『ガーフィールド ザ・ムービー』 ピーター・ヒューイット監督作品
『CASSHERN』と一緒に借りたこの「ガーフィールド」。見事にキャシャーンと対照的な作品でした。うん、この組み合わせは良かった。両者の特質が際立って見える。
アメリカのアニメや映画では、だいたい猫は悪役。顔つきもキツくて可愛くないキャラがほとんどです。このガーフィールドもいや〜な顔してます。ただ、性格的にはわがままでキツくても、なんか憎めない存在なんですよね、アメリカの猫たち。たぶん、そういうアメリカ人の象徴として描かれてるんでしょうな。犬は従順ですから、アメリカ人ではありません。猫は個人主義です。だからその描かれ方には、アメリカ人自身とともに、彼らが個人主義とどうつきあっていくか、個人主義の集合体にいかに社会的な温かみを見出すか、といったような、そんな潜在意識が見え隠れしているように思います。
さてさて、映画でのガーフィールドは、原作のコミックやアニメよりかなり柔らかくなっていますね。原作コミックはどちらかというと大人向け。ブラックジョーク満載です。映画ではファミリー向けになっています。これもキャシャーンと全く逆です。キャシャーンは家族と一緒に観れません。
あと、キャシャーンと逆と言えば、CGのあり方です。キャシャーンでは主人公たる人間たち(新造人間もいますが)が実写。その他はほとんどCG。ガーフィールドでは基本的に主人公だけがCGで、あとは実写。このコントラストは面白いですよ。両作品をそれぞれ逆の手法で製作するのはほとんど不可能でしょ?内容と技法の関係、あるいは技法と内容の関係を考えてみるのも面白いですね。一方で、演技する生身の人間にとっての難しさは同じかもしれないですしね。ジョン役を大滝秀治がやったとしたら(笑)、やっぱり「どうしたらいいかわからない」でしょう。
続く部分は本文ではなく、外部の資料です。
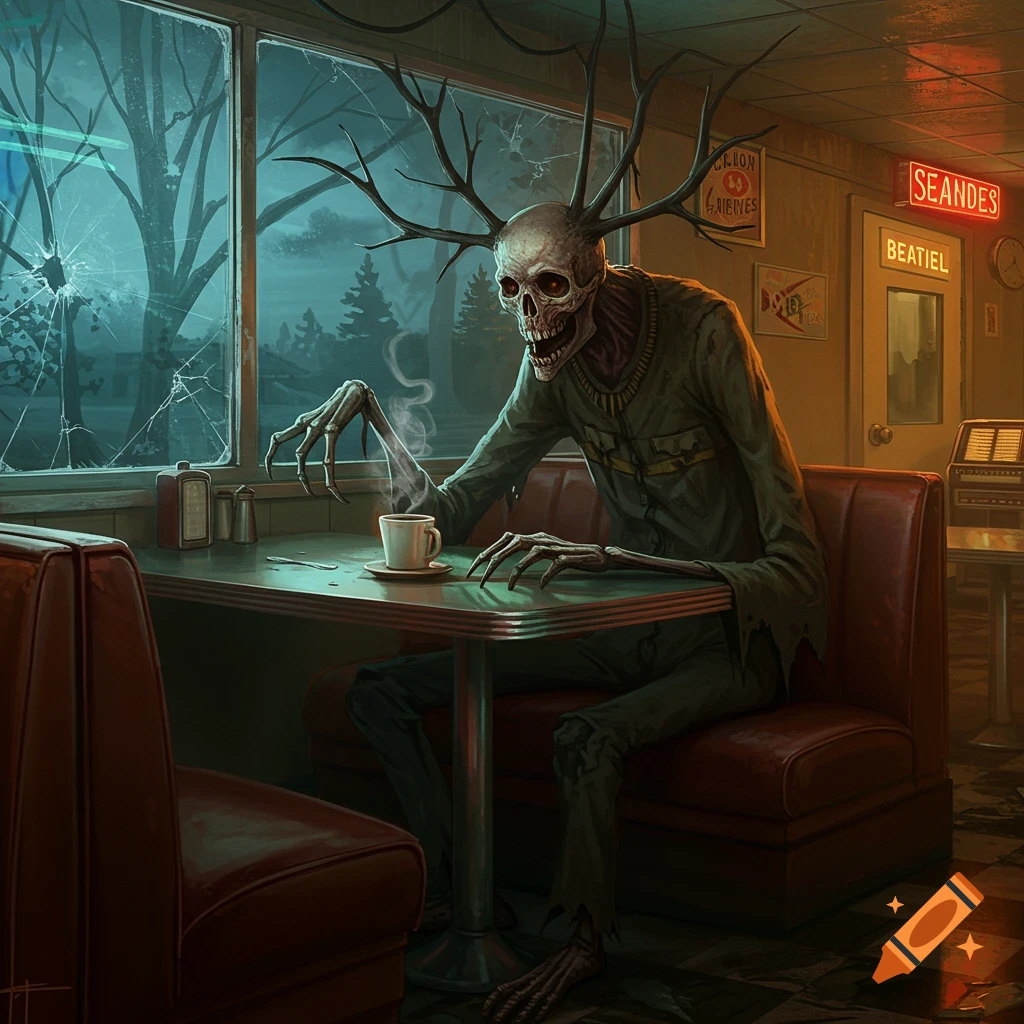 A skeletal creature with deer antlers sips coffee in a dark, broken-windowed diner, dark fantasy art.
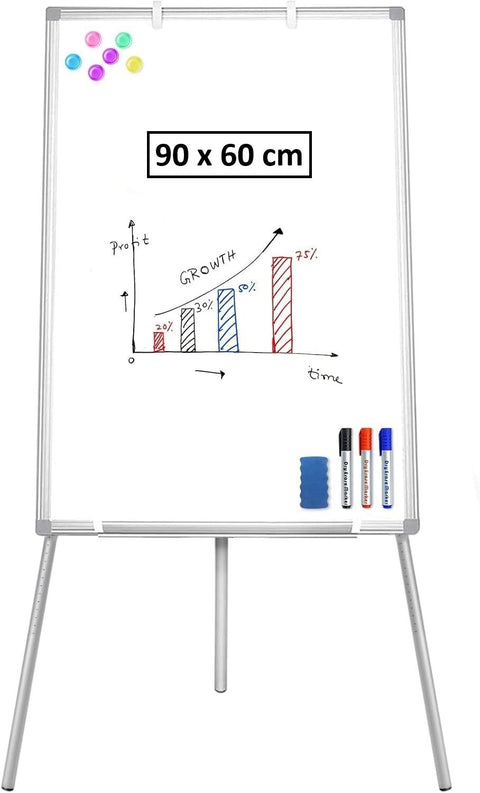 CARLA HOME 90x60cm Magnetic Whiteboard Easel with Adjustable Tripod Stand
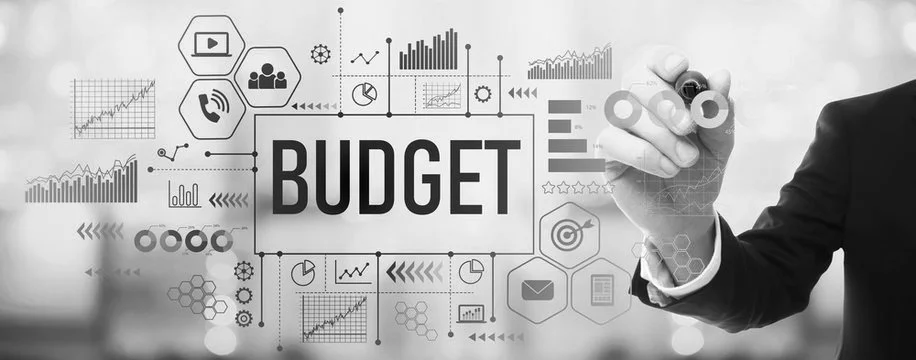 A business person in a suit writing or drawing on a virtual screen with the word 'BUDGET' in the center, surrounded by financial and data analysis icons and graphs.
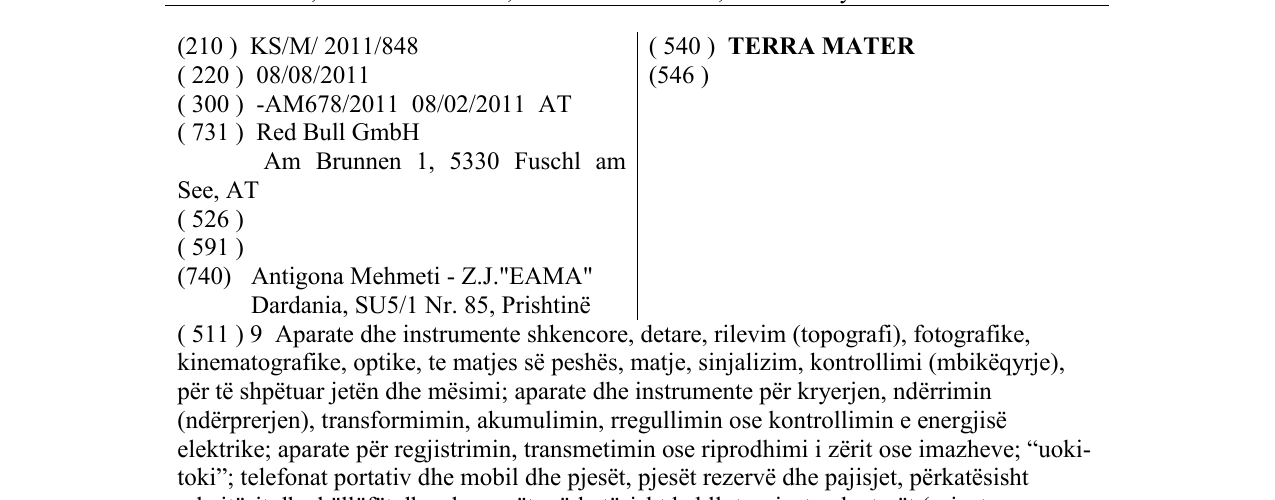 Zëri i markës TERRA MATER në buletin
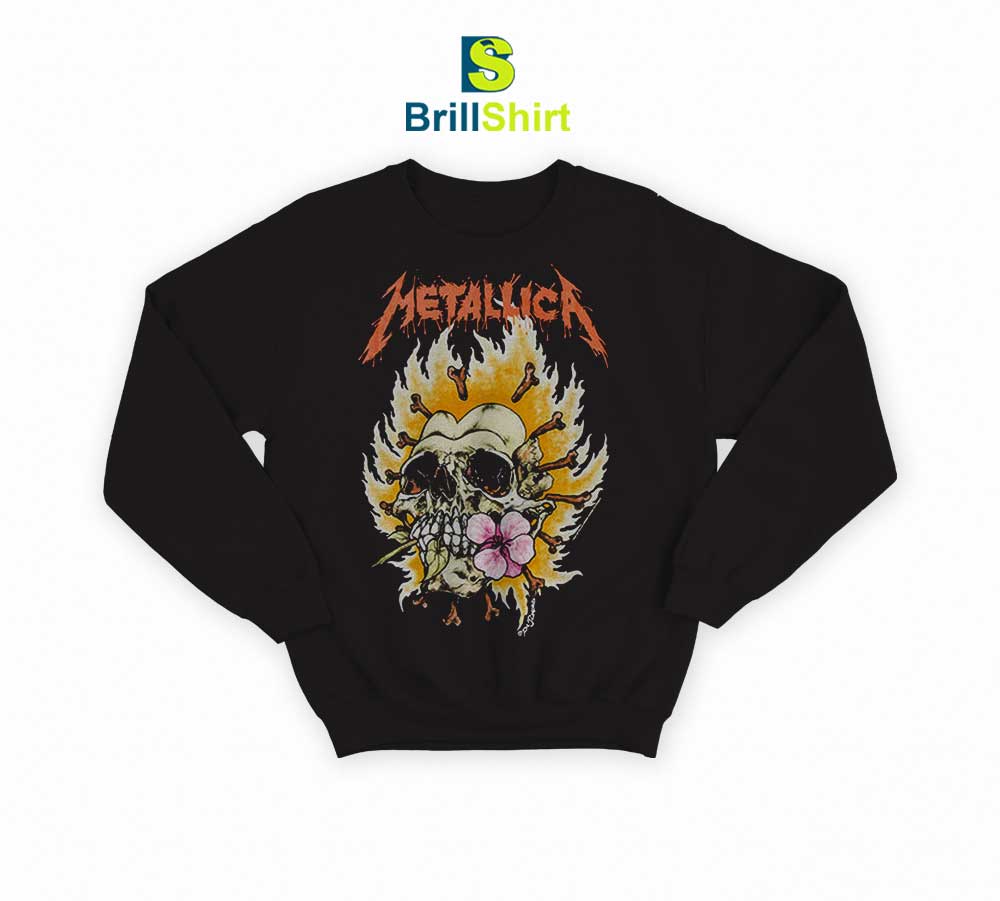 Metallica Burning Flower Sweatshirt Metallica Burning Flower Sweatshirt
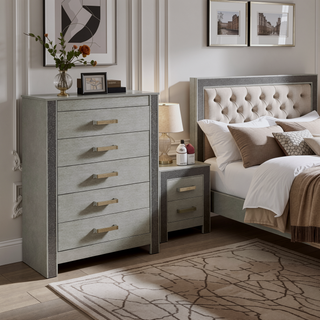 Sunvega Silver Nightstand with Spacious Drawers and Hidden Jewelry Compartment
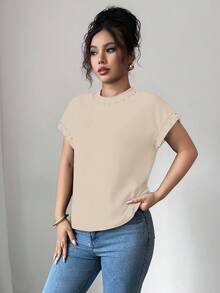 Elenzga Camiseta de mujer de cuello redondo negro de manga corta con perlas de burbujas - Albaricoque - Ver 3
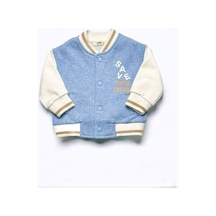 Erkek Bebek İçi Şardonlu Save Yazılı Kolej Hırkası-14859 Mavi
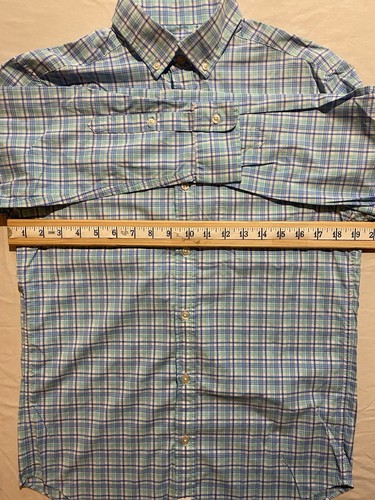 Vineyard Vines Check Blue Performance Murray Shirt Mens Small L/S Nylon stretch - Picture 10 of 11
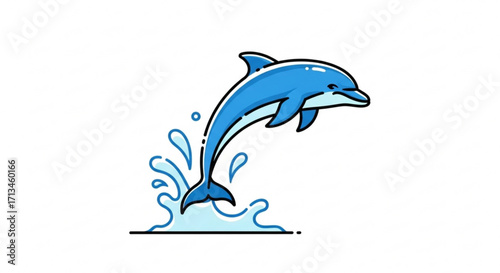 Cartoon dolphin jumping out of water vector illustration marine mammal ocean sea life aquatic animal artwork 100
内容のコントラストは説明するまでもないですね。とにかくガーフィールドの物語は、伝統的な予定調和の世界であり、だからこそわかりやすく、ハートウォーミング。普遍的であり、安心である一方、挑戦や革命はありません。
まあ、ガーフィールドは、作品全体がピクサーに対する風刺になっているとも言えますけど。それはそれでかなりピリ辛かも。
私は吹き替え版で観ましたので、ガーフィールドの声は藤井隆くんでした。あっ、乙葉さんとのご婚約おめでとうございます。最近、お笑い芸人はおいしいとこどりしますね。名倉しかり、ウッチャンしかり、あとスピードワゴンの井戸田さん?たしかに彼らはそれなりの才能と人柄をお持ちですからね。おっと話がそれた。藤井隆くんもなかなか頑張ってましたよ。一生懸命さ、まじめさが伝わってきました。ただ、ビル・マーレイの吹き替えっていうのは、きついっすよね。私はビルの声では観ていません。もうすぐ、特別編が発売になるようなので、買ってみますわ。
いずれにせよ、キャシャーンとの抱き合わせで貸してくれたフォトグラファーに感謝します。とってもナイスなカップリングでした。